Results: Employing a binary forced choice task where the duration of a pre-target interval (800 or 1400 ms) probabilistically predicted the target, we found that children with ASD were sensitive to the temporal regularity, whereas TD children were not. Children with ASD were faster for expected combinations of interval and target location but they were also less accurate for those combinations. Results from an additional simple reaction time test indicate that the development of general perceptual-motor processes was delayed in children with ASD. However, the ability for children with ASD to form time-based expectancies was not correlated with their performance in the simple reaction time test.

Conclusion: Children with ASD show significantly greater sensitivity towards time-based predictability than TD children. However, the development of general perceptual-motor processes was impaired in children with ASD.

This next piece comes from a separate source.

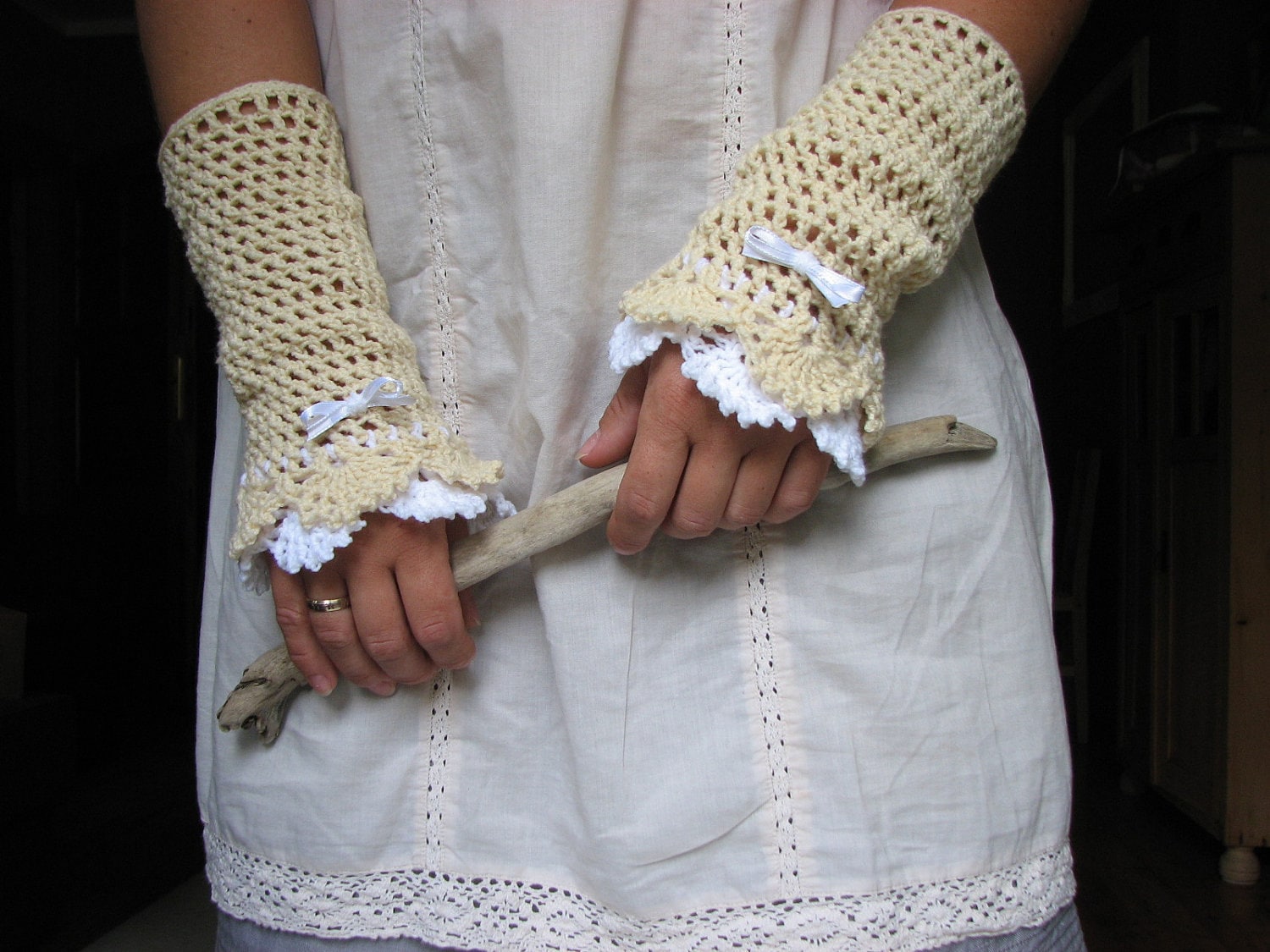 Cream Victorian lace mittens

Keywords: Temporal cognition, time-based expectancy, perceptual-motor process, autism spectrum disorder, timing

Introduction

Dysfunctions in social communication and social interaction, accompanied by a restricted range of interests and stereotyped, repetitive behaviors, are typically considered ‘core’ deficits in individuals with autism spectrum disorder (ASD; see American Psychiatric Association 2006, Frith 2003). However, clinical reports, as well as studies investigating time perception, suggest that individuals with ASD have another major deficit related to temporal cognition (Boucher 2001, Allman 2011, Allman et al. 2011, Falter and Noreika 2011, Martin et al. 2010). Brenner et al. (2015), for example, showed that adolescents with ASD perform worse in a time reproduction task compared to typically developing individuals. A recent study by Isaksson et al. (2018) found that children with ASD show a wide range of abnormalities in temporal processing tasks such as temporal perspective, motor timing, and perceptual timing. In addition, individuals with ASD show deficits in time-based perspective memory (Williams et al. 2014).

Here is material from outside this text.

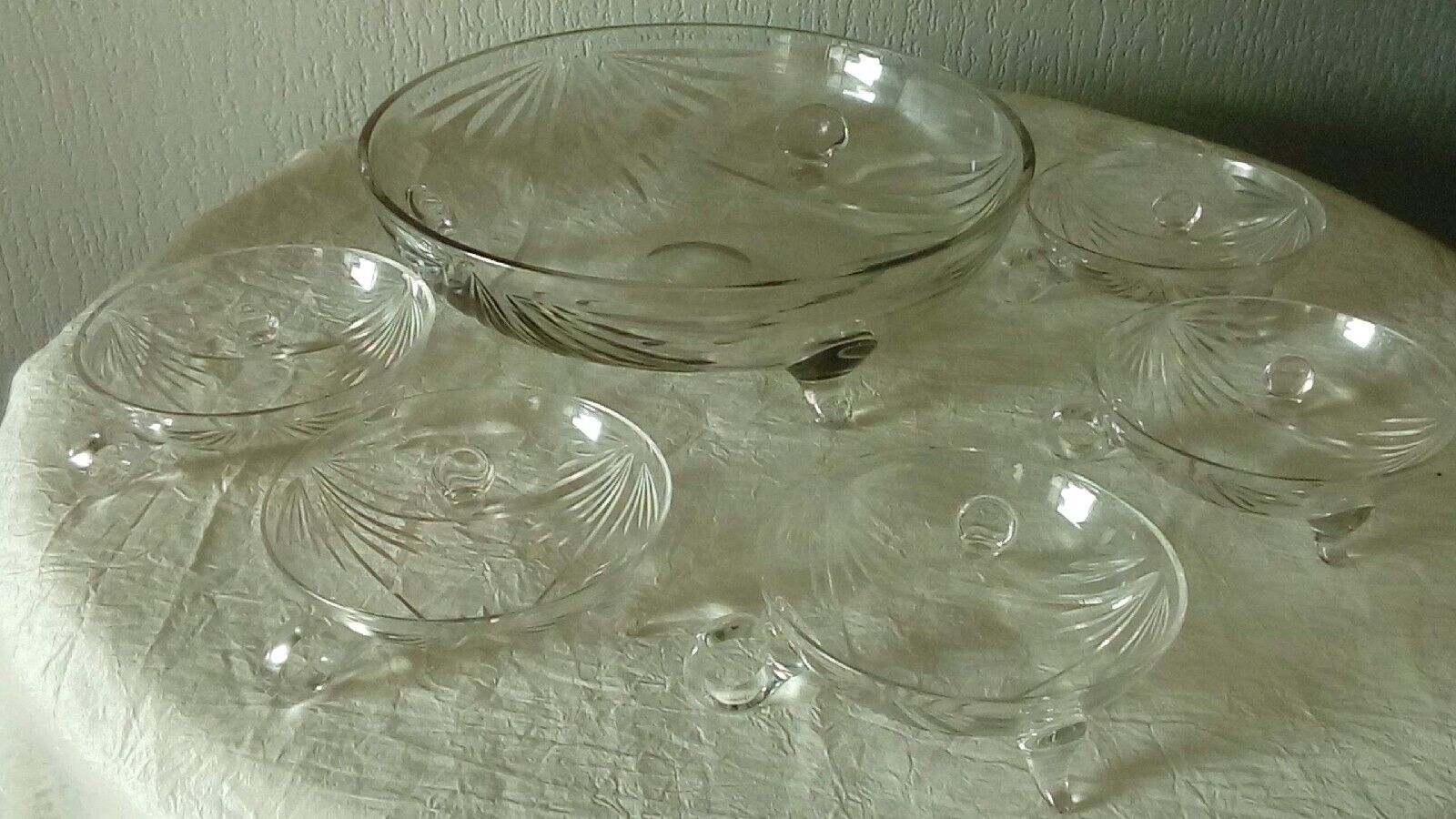 Dessert service salad bowl cut in crystal cut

While various types of temporal cognition have been intensively investigated in individuals with ASD, the ability to form time-based event expectancies in individuals with ASD has only rarely been studied (see Kunchulia et al. 2017, for an exception).

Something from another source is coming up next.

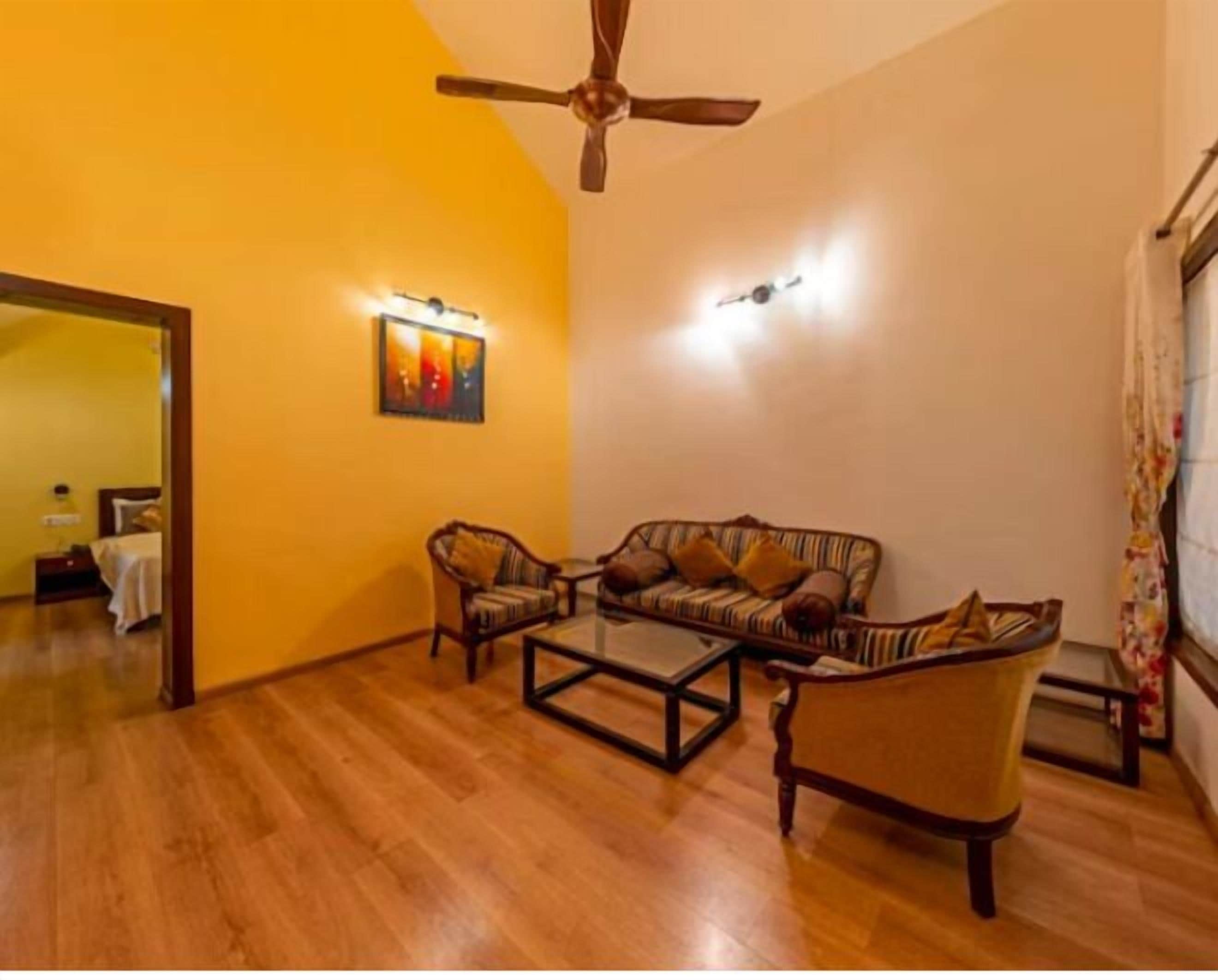 Premium Cottage | Living area | 32-inch TV with cable channels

Time-based expectancy means that individuals do not expect a certain interval as such (as is typically the case in other temporal cognition paradigms (see Steinborn et al. 2008, for a review)), but they expect certain aspects of response targets based on time. This means, in time-based expectancy, time is the source, not the target, of prediction. It is typically investigated with the time-event correlation paradigm, where the duration of a pre-target warning interval predicts, with a certain probability, the current trial’s target (Thomaschke and Dreisbach 2013).

Time-based expectancies are a highly important aspect of human temporal cognition and are essential in many types of interaction with the environment (Aufschnaiter et al. 2018a, 2018b, Shahar et al. 2012, Thomaschke and Haering 2014), including social interaction such as joint actions (Vesper et al. 2017) and verbal communication (Roberts and Francis 2013, Roberts et al. 2011, Roberts and Norris 2016). Given that deficits in social interaction and verbal communication are key diagnostic features of ASD, it is particularly interesting to study the ability of formation time-based expectancies in individuals with ASD that could be also important for better understanding those deficits as well.

According to the ‘hypothesis of predictive impairment in autism,’ the ASD phenotype maybe related to an impairment in predictive abilities . This hypothesis postulates that ASD is linked to deficits in detecting predictive associations between environmental entities. These deficits affect the information processing demands inherent in the typically affected ASD domains (Sinha et al. 2014).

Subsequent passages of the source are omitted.